▶ _RECORDS FOR THE TASK_
>>>>>

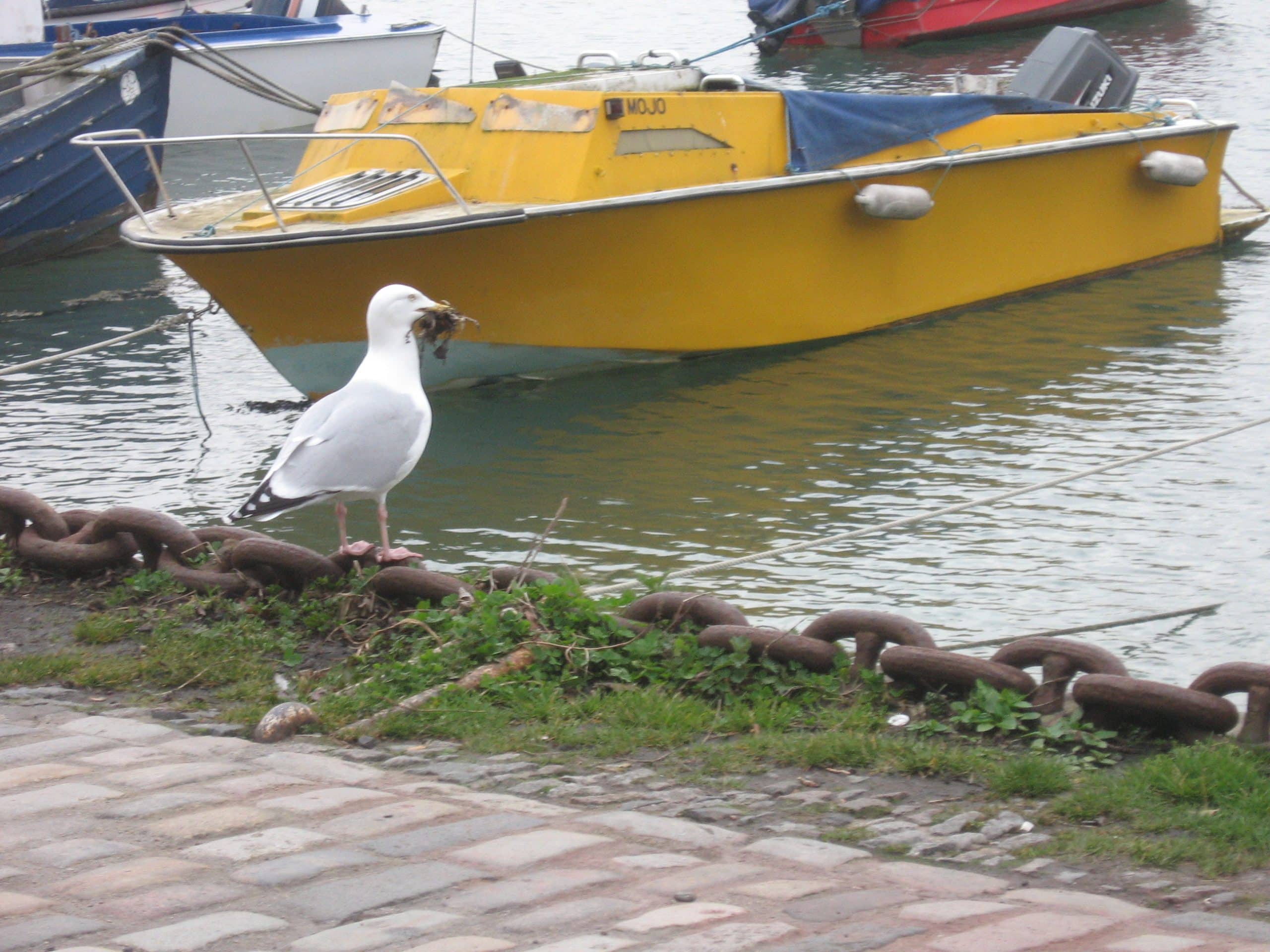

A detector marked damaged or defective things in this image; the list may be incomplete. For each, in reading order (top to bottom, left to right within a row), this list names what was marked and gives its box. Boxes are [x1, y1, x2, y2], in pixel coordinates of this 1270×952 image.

rusty anchor chain [2, 484, 1270, 746]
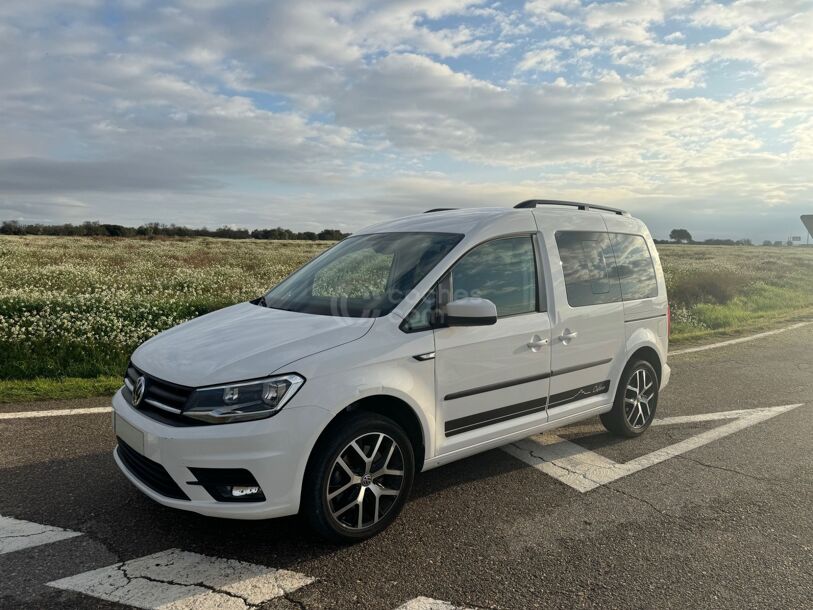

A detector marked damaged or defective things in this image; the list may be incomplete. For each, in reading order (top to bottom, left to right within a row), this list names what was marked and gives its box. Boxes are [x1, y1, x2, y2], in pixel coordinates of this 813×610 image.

cracked asphalt [1, 328, 812, 608]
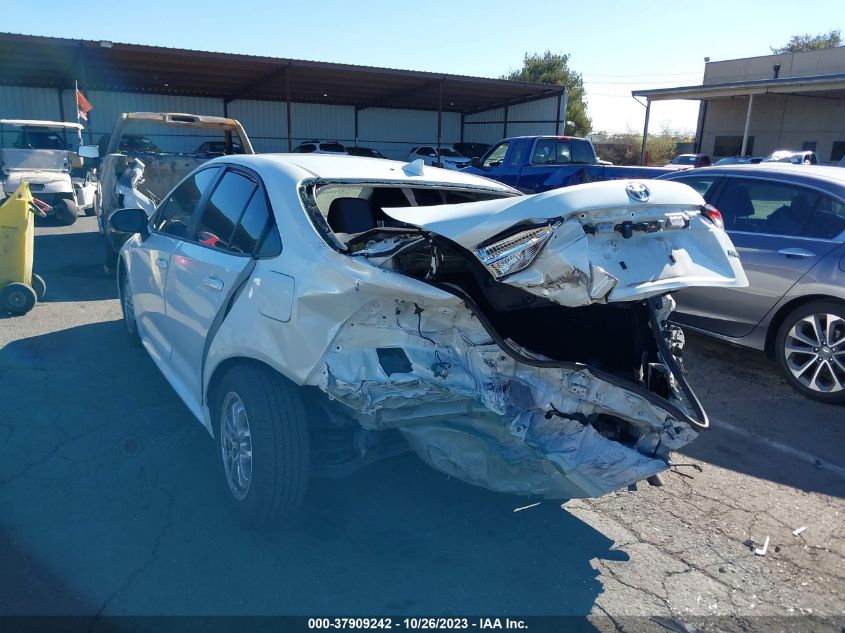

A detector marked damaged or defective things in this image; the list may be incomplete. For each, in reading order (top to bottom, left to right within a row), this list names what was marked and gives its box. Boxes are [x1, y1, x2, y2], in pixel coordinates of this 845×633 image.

<<<<<

▶ _WHAT NEEDS TO BE DONE_
Reproduce the whole listing above character for character; pictures do not belong in it.

▶ _RESULT BELOW_
A detector marked damaged or defective things in this image; the list may be incomplete. For each, in reading order (top to bottom, left to right within a row), this list names what was marked and gives its box. Boxes are [x1, y1, x2, y2], in pixel coordinates of this 1270×952 image.

rusty anchor chain [2, 484, 1270, 746]

A detector marked damaged or defective things in this image; the list may be incomplete. For each, in reading order (top to bottom, left to right within a row), this list names what was marked and gives its box. Boxes are [x1, y1, x2, y2], in pixel coordinates of this 813×610 image.

cracked asphalt [1, 328, 812, 608]

A detector marked damaged or defective things in this image; the list may be incomplete. For each, in reading order (top to bottom, left to right within a row), this list names what was marked and gives its box. Boxes are [x1, y1, x2, y2], in pixel coordinates of this 845×633 image.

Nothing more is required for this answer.